Я также тащу домой здоровенный болт.
—
Что это? — подозрительно вопрошает жена.
—
Это прекрасная дубинка, женщина, — рычит пробуждающийся во мне воин. — Раз нам
теперь запрещено носить оружие, эта штука может пригодиться.
Я
кладу болт на полку и думаю — увы, без должного сожаления — о судьбе Кастера.
И
все напрасно. На следующий день болта уже нет. Осколок стекла оставлен мне, но
только чтобы я мог упражняться в отжимной ретуши. Хранившийся
у меня огромный паритинтинский лук,
которым можно было убить человека, давно сдан в краеведческий музей. Я
вспоминаю о нем с грустью и, под прикрытием мантии ученого, беру из библиотеки
книгу об арбалетах.
Все
это, конечно, чистейшей воды фантазия. Я не доживу до падения цивилизации и не
увижу возвращения старого быта. И все же ручной топор в ящике стола мне более
дорог, чем любое антикварное изделие.
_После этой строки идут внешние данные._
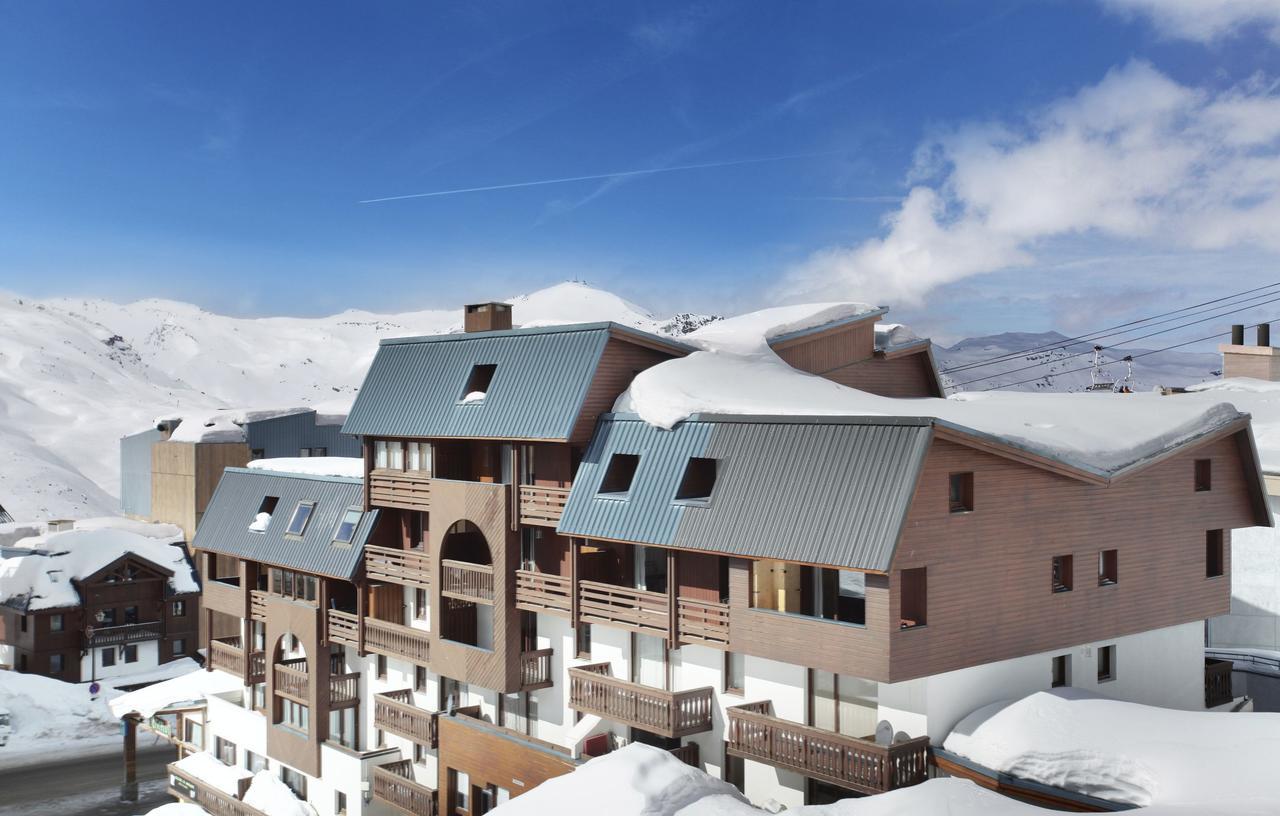 فال تورُن Residence Odalys Le Valset المظهر الخارجي الصورة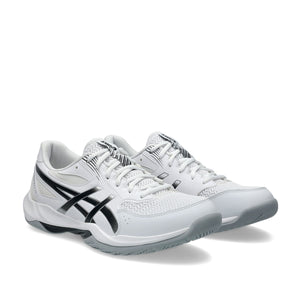 Asics Gel Rocket 12 Men White Black נעלי כדורעף ג`ל רוקט 12 לגברים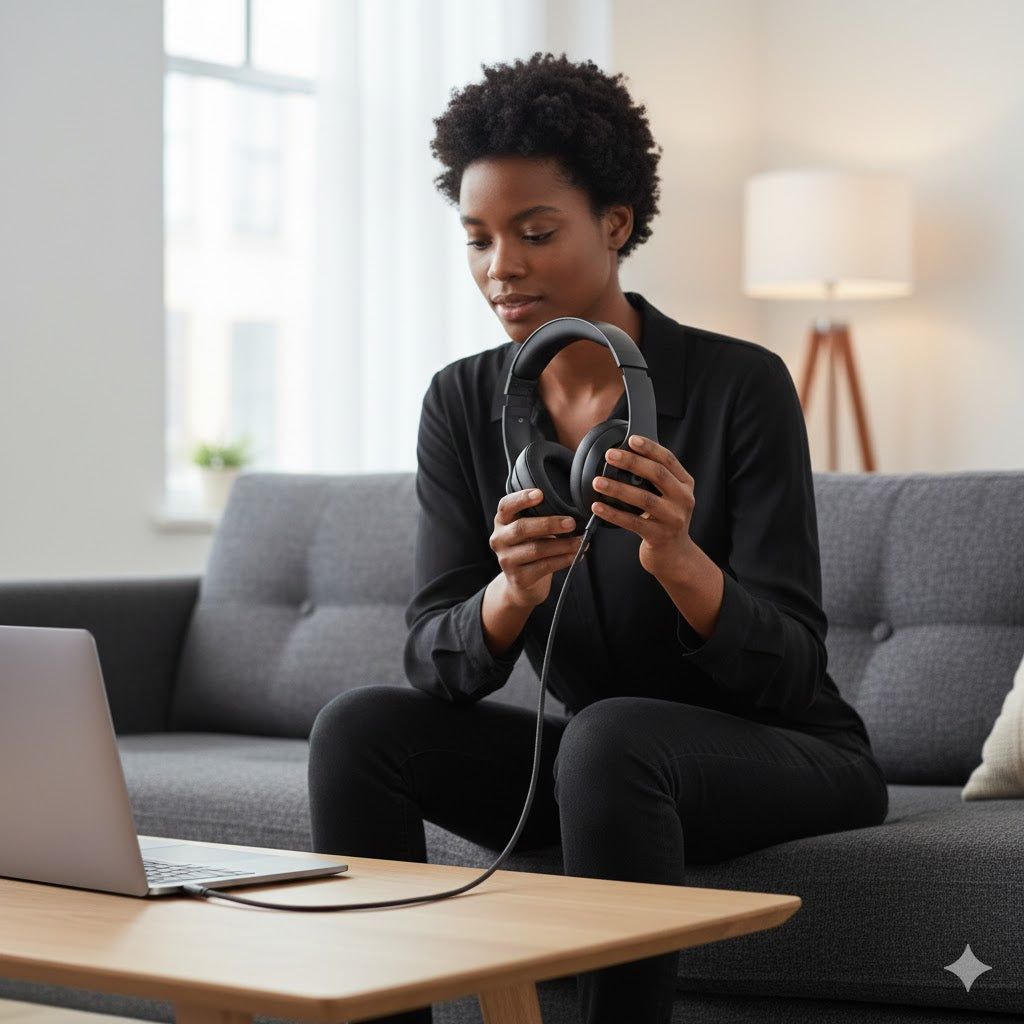 Beats by Dr. Dre 1.5m USB-A to USB-C Woven Charging Cable Bolt Black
Время от времени я вынимаю его тайком и
проверяю на вес — хорошо ли он укладывается у меня в руке. Я переворачиваю его
задумчиво и бормочу себе под нос, когда никто не смотрит. Надо быть поосторожней. Мой дед с материнской стороны провел последние
годы жизни почти в полном одиночестве, перебирая, как сумасшедший викинг,
матросский сундучок с инструментами.
«Надо
быть поосторожней», — снова говорю я себе, ощущая всем
нутром хранящуюся в письменном столе архаичную боевую технику. Напрасно проявил
я такой интерес к болту-дубинке, который нашел по дороге на званый обед. Болт
привлек суровое внимание жены, заметившей, как он оттягивает карман моего
вечернего костюма. Нет, пора мне теперь сидеть на солнце у стены на заднем
дворе, точно так же, как и те последние воины у железной дороги, которые
обрабатывали выменянное ими железо, превращая его в наконечники стрел.
«А-йа, — обращаюсь я к тому, кого уже нет, — скоро и мамонты
минуют». При этом мой голос тоже меняется. Я слышу, что говорю гортанными
звуками, которые давно исчезли, — звуками охотников на мамонтов.